# [GOAL OF THE EXERCISE]
Using the listing below, give again exactly the lines from the line with "Casual Straps Graphic" to the line with "SUNGIFT Walk-in Greenhouse", inclusive, without the pictures.

# [SUPPLIED RECORDS]
>>>
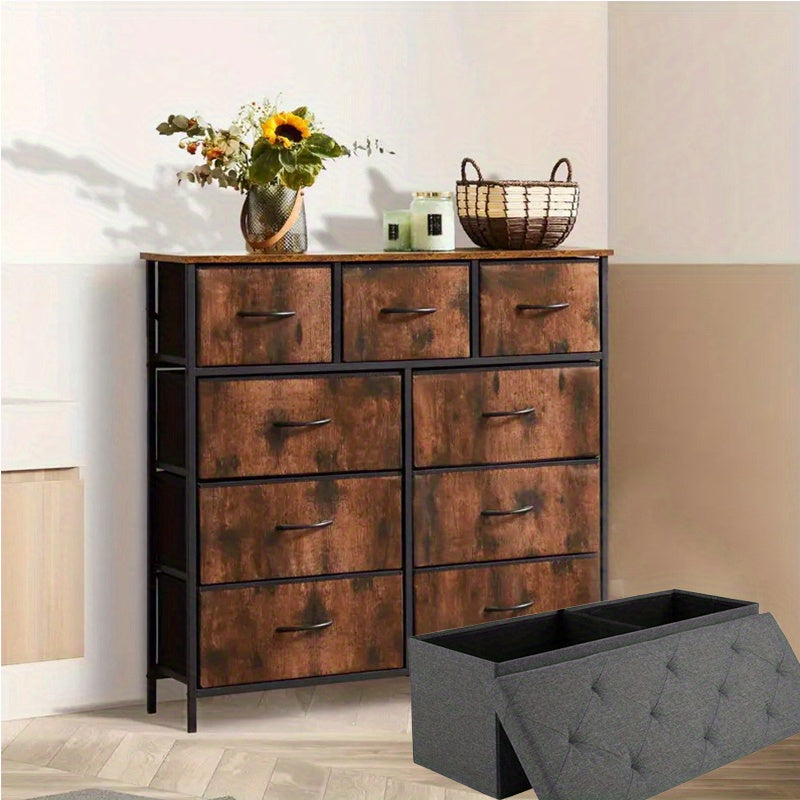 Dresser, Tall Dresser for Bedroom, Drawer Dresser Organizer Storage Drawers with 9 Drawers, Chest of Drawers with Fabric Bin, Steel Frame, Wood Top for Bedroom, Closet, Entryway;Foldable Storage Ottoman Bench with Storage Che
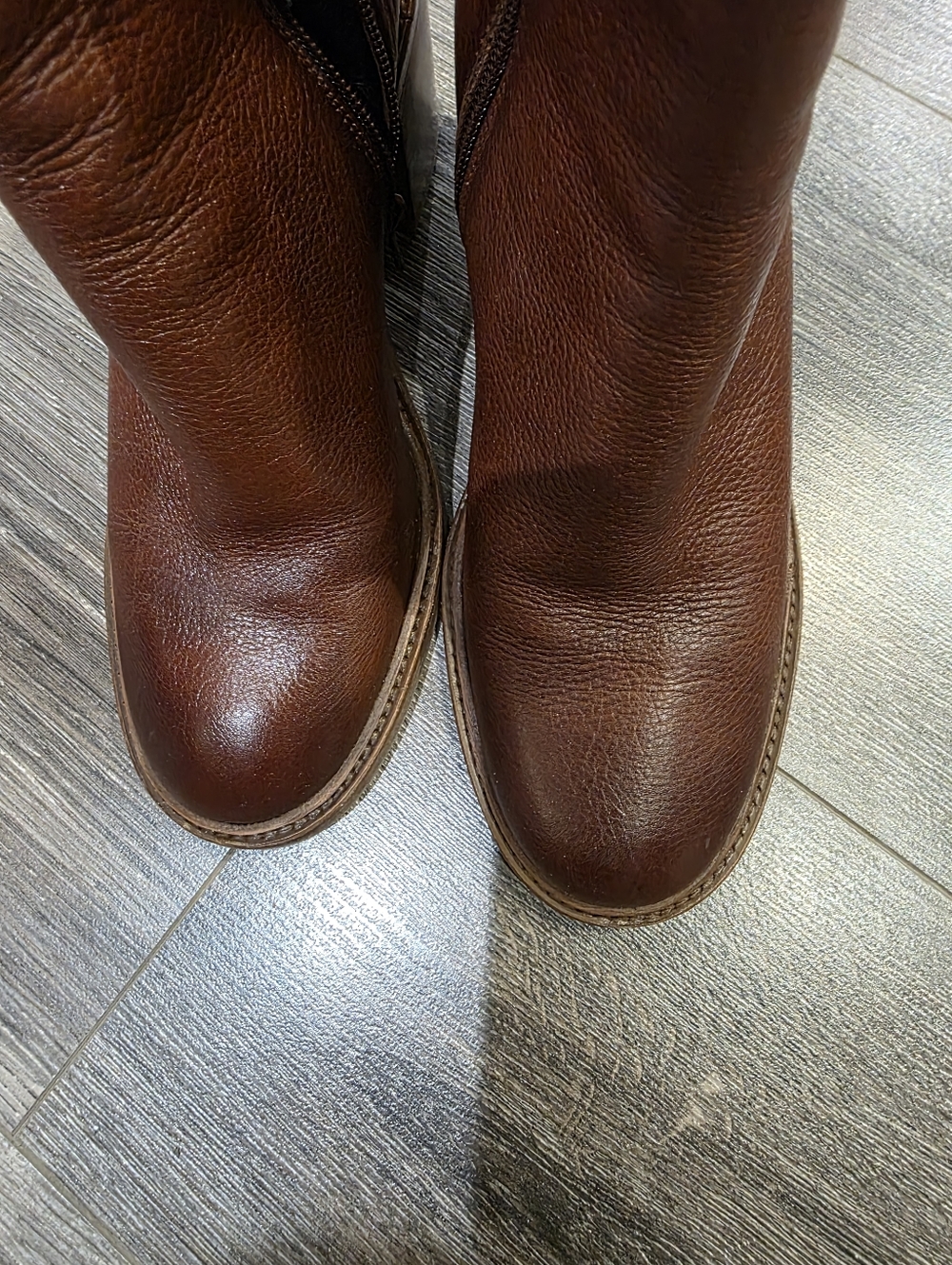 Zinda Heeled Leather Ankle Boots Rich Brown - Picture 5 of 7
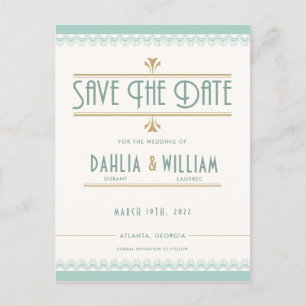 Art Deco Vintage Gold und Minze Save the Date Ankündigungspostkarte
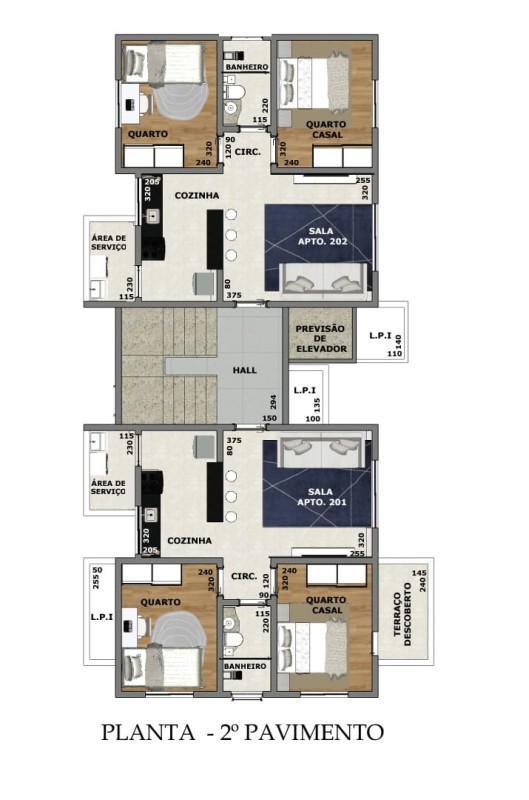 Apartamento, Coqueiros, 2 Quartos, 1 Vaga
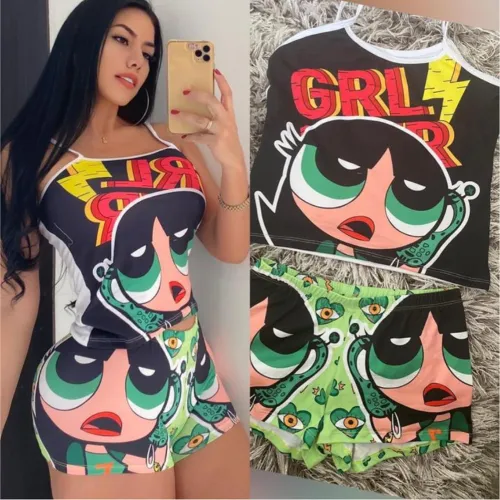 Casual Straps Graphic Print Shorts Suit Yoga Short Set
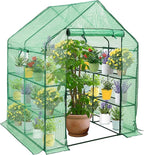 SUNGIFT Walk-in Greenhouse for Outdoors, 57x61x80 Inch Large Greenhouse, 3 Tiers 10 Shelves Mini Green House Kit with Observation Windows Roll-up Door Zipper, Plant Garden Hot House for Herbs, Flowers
<<<
>>>
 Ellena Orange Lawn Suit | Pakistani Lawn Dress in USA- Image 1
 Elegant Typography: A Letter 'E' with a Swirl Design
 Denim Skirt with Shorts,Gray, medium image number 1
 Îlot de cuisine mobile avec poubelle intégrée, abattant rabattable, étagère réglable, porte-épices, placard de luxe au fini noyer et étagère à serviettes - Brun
<<<
# [SOLUTION TO THE EXERCISE]
 Casual Straps Graphic Print Shorts Suit Yoga Short Set
 SUNGIFT Walk-in Greenhouse for Outdoors, 57x61x80 Inch Large Greenhouse, 3 Tiers 10 Shelves Mini Green House Kit with Observation Windows Roll-up Door Zipper, Plant Garden Hot House for Herbs, Flowers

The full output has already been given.